Creating an Anzo Data Store
This topic provides instructions for creating an Anzo data store, also known as a graph data source. Creating a data store means that you designate a directory on the file store where file-based linked data sets and other files can be created and shared during the ETL process. All installations require at least one data store. You can create one data store and configure all pipelines to write to that store (each ETL run automatically creates a new sub-directory under the data store directory) or you can create multiple data stores to use for different data sets.
For information about setting up a connection to the shared file system that will host the data store, see Connecting to a File Store.
- In the Administration application, expand the Connections menu and click Anzo Data Store. Anzo displays the Anzo Data Store screen, which lists any existing data stores. For example:
The Server Anzo Data Store is a default data store that points to the local Anzo file system. This store exists so that first-time users can quickly test the onboarding process. It is not meant to be used in production. Do not change the Data Location to a shared file store; reconfiguring this data store can cause unexpected consequences when upgrading or migrating the system. It is safe to delete this data store so that it is not presented as an option when users configure ingestion pipelines.
- On the Anzo Data Store screen, click the Add Anzo Data Store button. Anzo opens the Create Anzo Data Store screen.
- Type a Title and optional Description for the data store.
- Click in the Data Location field. Anzo opens the File Location dialog box.
- On the left side of the screen, select the file store on which to create this data store. On the right side of the screen, navigate to the directory that you want to designate as the data location. Select a directory, and then click OK. Or click Create New Folder to create a new directory. Each time a pipeline is run for this data store, a new subdirectory is created under the specified data location.
The Data Location needs to be a directory on the file store that is shared between Anzo, AnzoGraph, and any Anzo Unstructured, Elasticsearch, or Spark servers. If you want Anzo to generate files for this data store in one location and then load the files into AnzoGraph from another location, specify the file generation location in this field, and then specify the AnzoGraph load location in the Alternate Data Location field that is displayed on the Details screen after you save the data store.
- If necessary, you can modify the maximum limit for the size of the files that are created by pipelines that write to this data store by specifying the size (in bytes) in the Max File Size Before Compression (Bytes) field. The value applies to files before they are compressed. The Spark ETL engine partitions files on output, and the default maximum file size is 100 MB (uncompressed). The Sparkler ETL engine partitions files on input, and the default maximum file size is 128 MB (uncompressed).
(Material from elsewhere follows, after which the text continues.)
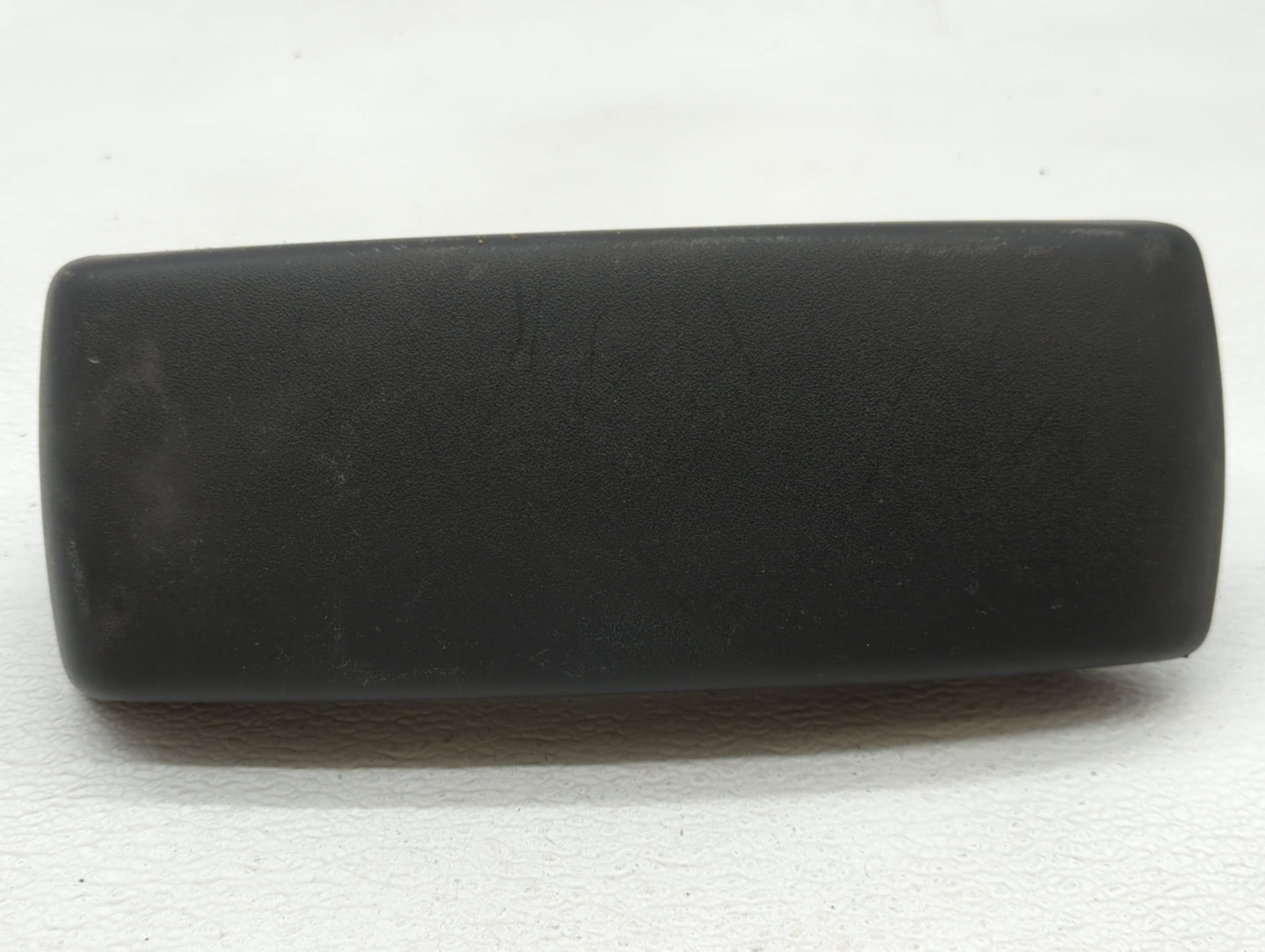 2009 Scion Xb Center Console Armrest Cover Lid Black - Oemusedautoparts1.com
Since Sparkler files are partitioned on input, the resulting output FLDS files can be significantly larger than 128 MB since the source is converted to Turtle (TTL) format after it is partitioned.
Cambridge Semantics recommends that you do not set this value unless instructed to do so by Cambridge Semantics Support.
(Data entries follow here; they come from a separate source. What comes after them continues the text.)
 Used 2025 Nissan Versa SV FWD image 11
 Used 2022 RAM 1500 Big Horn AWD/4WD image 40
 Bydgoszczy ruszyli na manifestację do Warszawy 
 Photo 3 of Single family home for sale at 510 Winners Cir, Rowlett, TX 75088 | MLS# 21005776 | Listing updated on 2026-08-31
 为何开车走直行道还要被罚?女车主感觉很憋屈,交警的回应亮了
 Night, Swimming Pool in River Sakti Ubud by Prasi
- Specify whether to compress the generated load files. By default, the Compress output checkbox is selected, indicating that Anzo generates .ttl.gz files when writing to this graph data source. If you clear the checkbox, Anzo generates uncompressed .ttl files. To preserve disk space and reduce read times when loading data into memory, Cambridge Semantics recommends that you accept the default configuration and compress load files.
- The Spark ETL engine does not remove duplicates by default when running pipelines. If the source contains a significant number of duplicate entities, you have two options for deduplicating the data:
- Deduplicate the data during the ETL process: To deduplicate the data while running the jobs that will generate this graph source, select the Dedupe output per executor option. Enabling the dedupe option limits the number of duplicates to one duplicate per executor node. For example, if the Spark configuration has 10 executor nodes, the resulting data set can contain a maximum of 10 duplicate entities.
Deduplication is based on primary keys and URI templates. If the source does not employ templating, do not enable the dedupe option. In addition, enabling this option substantially increases the time it takes to run the jobs for this data store.
- Deduplicate the data after loading it to AnzoGraph: AnzoGraph deduplicates data during a "vacuum" process that runs automatically after data is loaded into memory. If you leave the Dedupe output per executor option disabled, duplicates will be removed by AnzoGraph.
Deduplicating data with AnzoGraph streamlines the ETL process but can increase load time and temporary memory usage in AnzoGraph during the load.
- Deduplicate the data during the ETL process: To deduplicate the data while running the jobs that will generate this graph source, select the Dedupe output per executor option. Enabling the dedupe option limits the number of duplicates to one duplicate per executor node. For example, if the Spark configuration has 10 executor nodes, the resulting data set can contain a maximum of 10 duplicate entities.
- Click Save to create the data store. Anzo saves the configuration and displays the details view. For example:
You can click the Edit icon () to modify any of the options. Click the check mark icon () to save changes to an option, or click the X icon () to clear the value for an option.
- If you plan to load files into AnzoGraph from a location that is different than the Data Location that you specified, edit the Alternate Data Location field and select the location for AnzoGraph load files.